WORK TASK> Write out the entries verbatim and leave the images out of the copy.

Pictures with short captions:

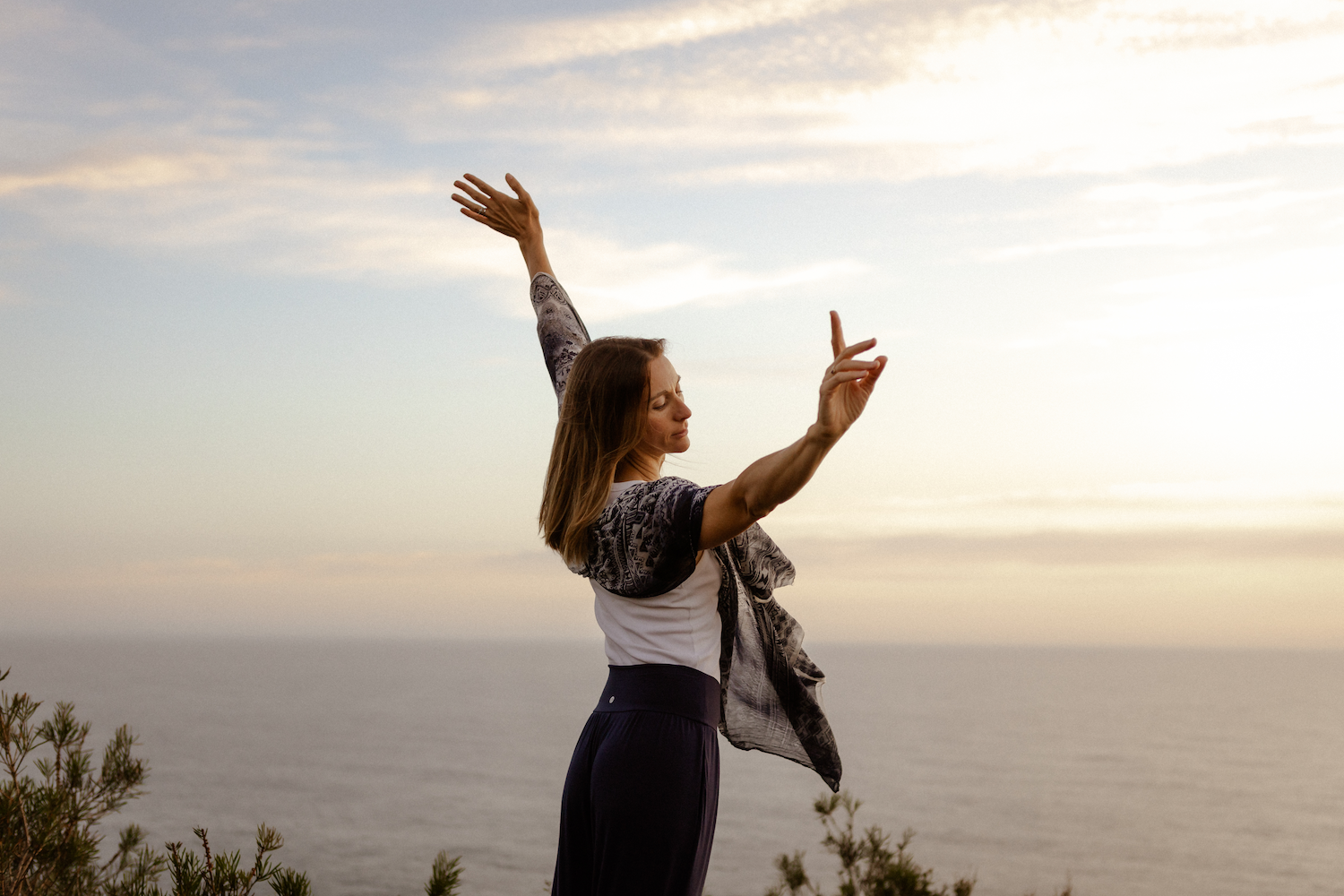 new-contact-image-alt copy.png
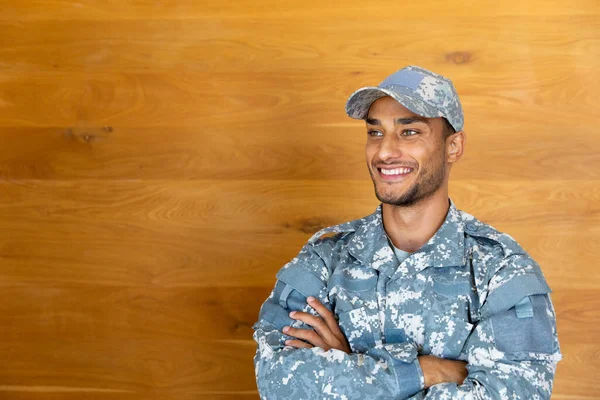 Soldado Masculino Birracial Feliz Vestindo Uniforme Militar Cruzando Armas Sorrindo — Fotografia de Stock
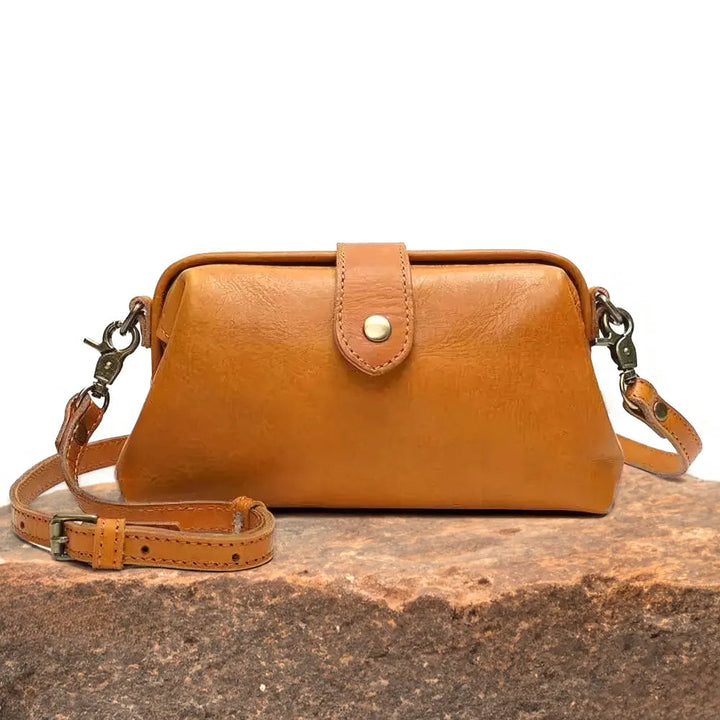 SITTI | VINTAGE-INSPIRED LEATHER CROSSBODY BAG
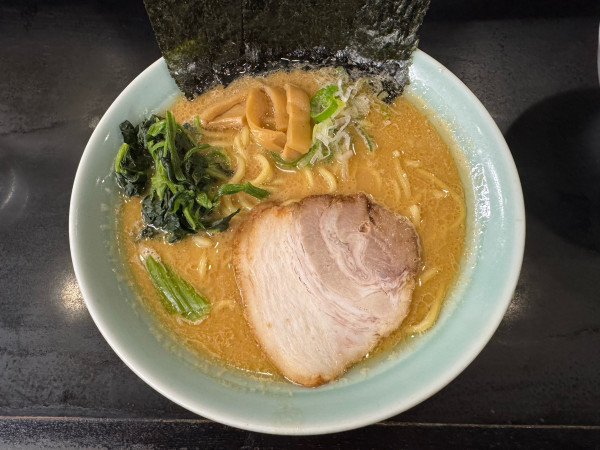 「醤油ラーメン」@横浜家系ラーメン 十十路の写真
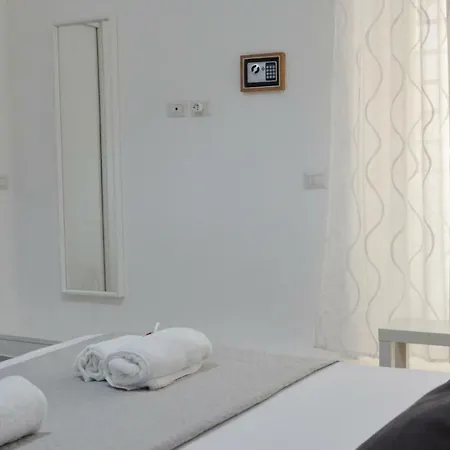 Mellos Nocleg ze śniadaniem 4*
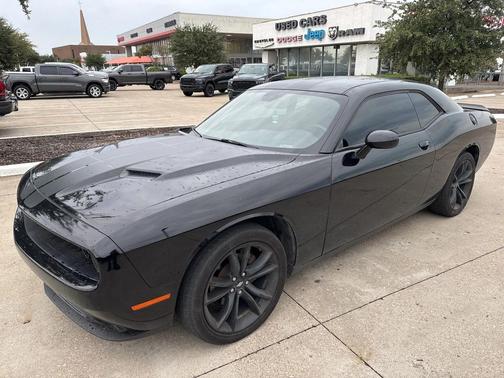 2017 Dodge Challenger SXT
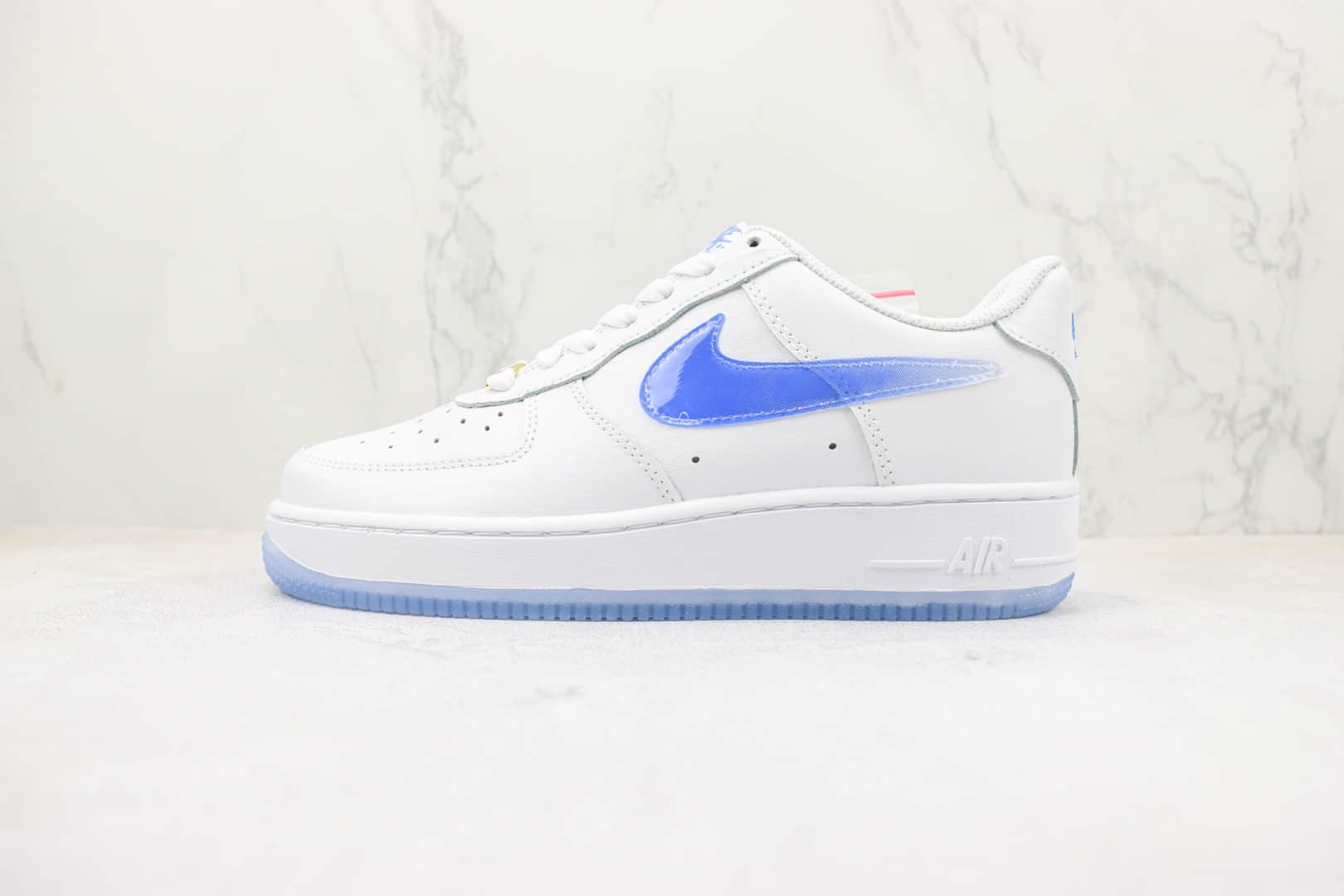 耐克Nike Air Force 1 '07 Low纯原版本低帮空军一号白蓝色渐变勾果冻生胶底配色板鞋 复刻耐克空军一号系列 货号：CO3363-361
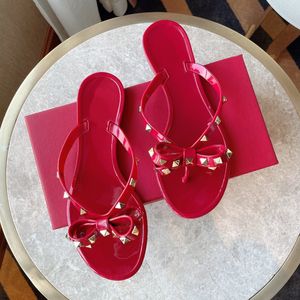 Zapatillas de diseñador de moda Sandalias con lazo con remaches Zapatos de cristal de verano Chanclas artesanales al aire libre para mujer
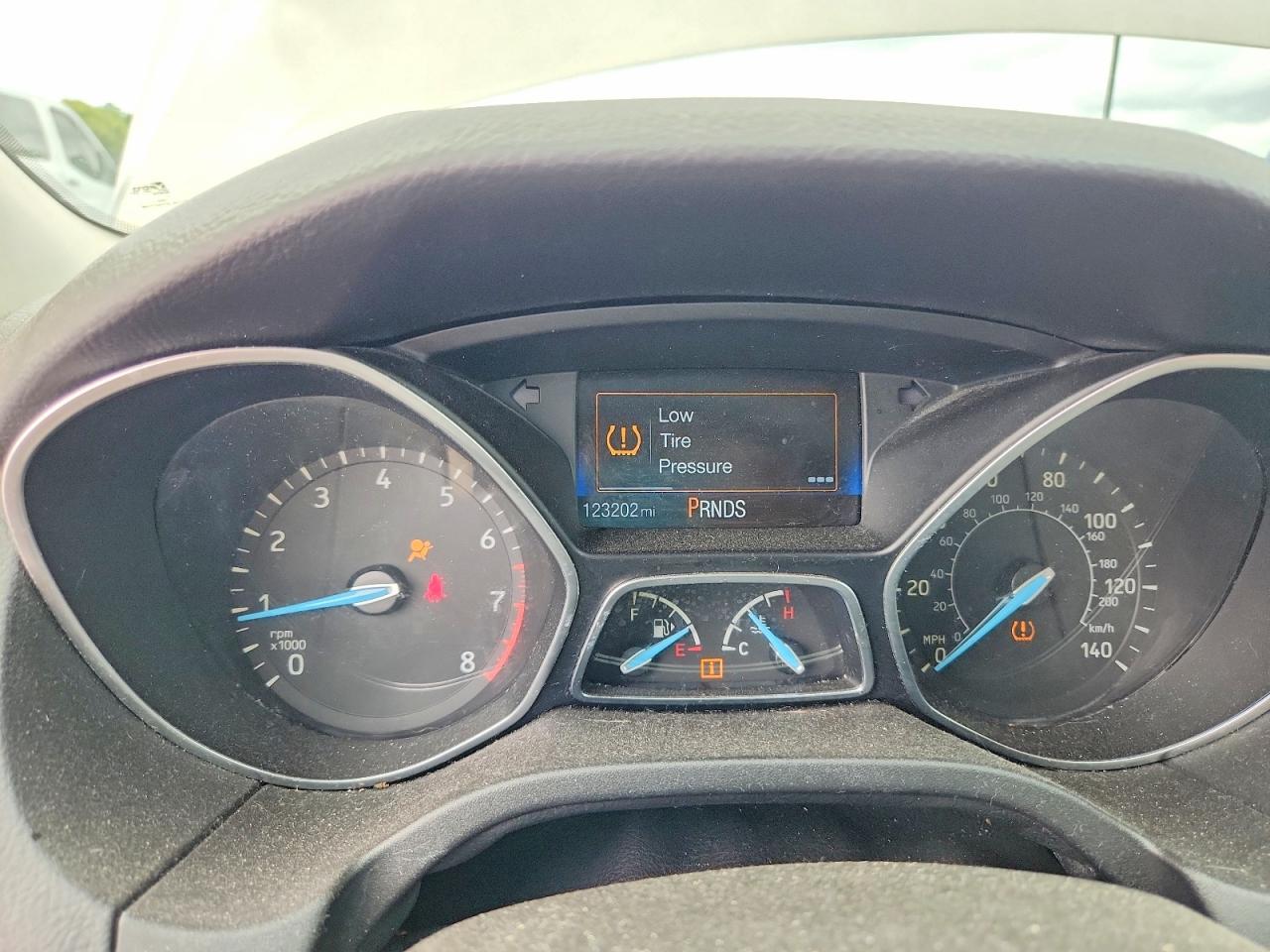 2015 FORD FOCUS SE photo 17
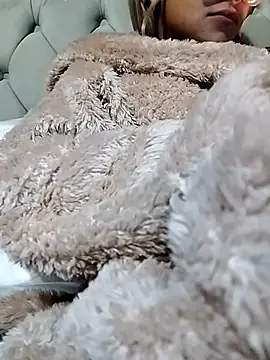 Snapshot of fofinhaa12 chatting on 11-06-25, 06:56 fofinhaa12 online show from 11-06-25, 06:56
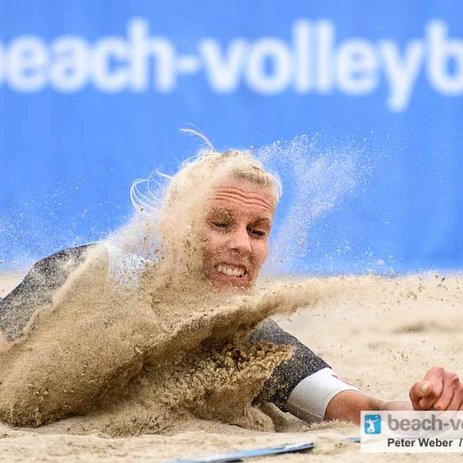 Sarah Schneider Abwehr an der Seitenlinie beim Beach-Volleyball in Timmendorfer Strand Sarah Schneider Abwehr an der Seitenlinie beim Beach-Volleyball in Timmendorfer Strand
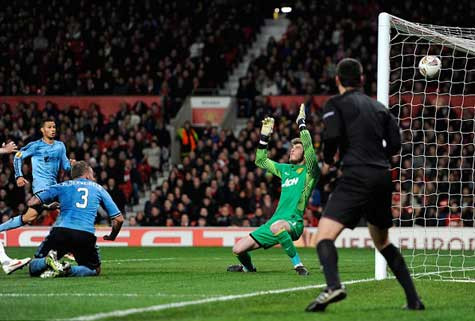 Alderweireld mang lại thắng lợi cho Ajax ở Old Trafford, nhưng MU đi tiếp với tổng tỷ số 3-2 Alderweireld mang lại thắng lợi cho Ajax ở Old Trafford, nhưng MU đi tiếp với tổng tỷ số 3-2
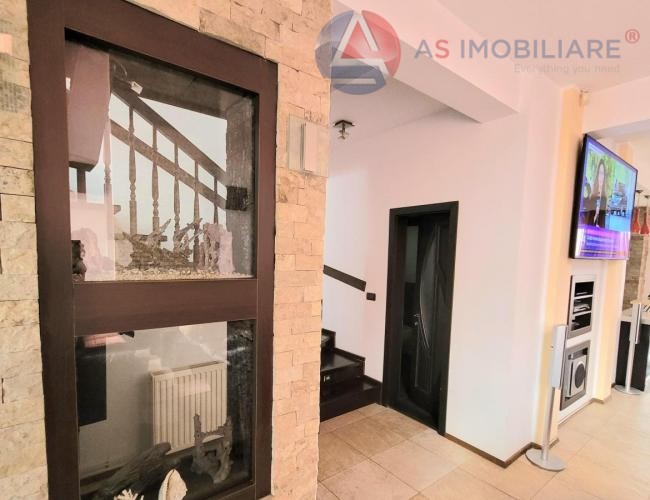 Casa caldurasa si primitoare in zona Florilor, Brasov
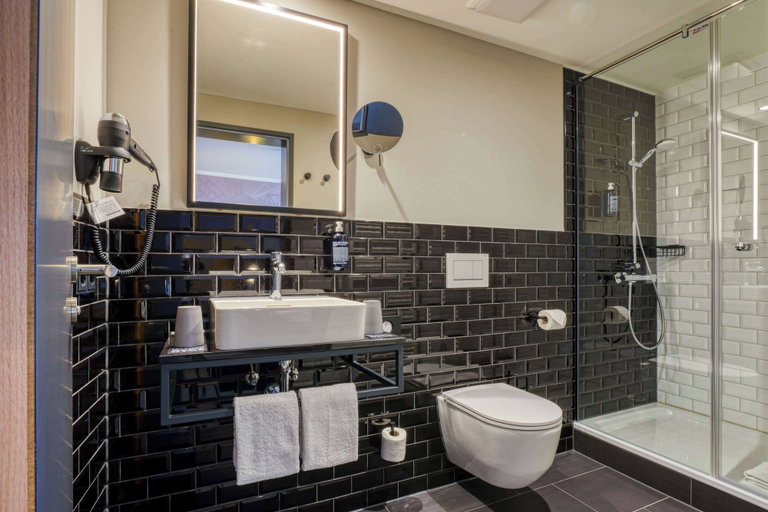 Bathroom 6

SOLUTION FOR THIS PROBLEM>
 new-contact-image-alt copy.png
 Soldado Masculino Birracial Feliz Vestindo Uniforme Militar Cruzando Armas Sorrindo — Fotografia de Stock
 SITTI | VINTAGE-INSPIRED LEATHER CROSSBODY BAG
 「醤油ラーメン」@横浜家系ラーメン 十十路の写真
 Mellos Nocleg ze śniadaniem 4*
 2017 Dodge Challenger SXT
 耐克Nike Air Force 1 '07 Low纯原版本低帮空军一号白蓝色渐变勾果冻生胶底配色板鞋 复刻耐克空军一号系列 货号：CO3363-361
 Zapatillas de diseñador de moda Sandalias con lazo con remaches Zapatos de cristal de verano Chanclas artesanales al aire libre para mujer
 2015 FORD FOCUS SE photo 17
 Snapshot of fofinhaa12 chatting on 11-06-25, 06:56 fofinhaa12 online show from 11-06-25, 06:56
 Sarah Schneider Abwehr an der Seitenlinie beim Beach-Volleyball in Timmendorfer Strand Sarah Schneider Abwehr an der Seitenlinie beim Beach-Volleyball in Timmendorfer Strand
 Alderweireld mang lại thắng lợi cho Ajax ở Old Trafford, nhưng MU đi tiếp với tổng tỷ số 3-2 Alderweireld mang lại thắng lợi cho Ajax ở Old Trafford, nhưng MU đi tiếp với tổng tỷ số 3-2
 Casa caldurasa si primitoare in zona Florilor, Brasov
 Bathroom 6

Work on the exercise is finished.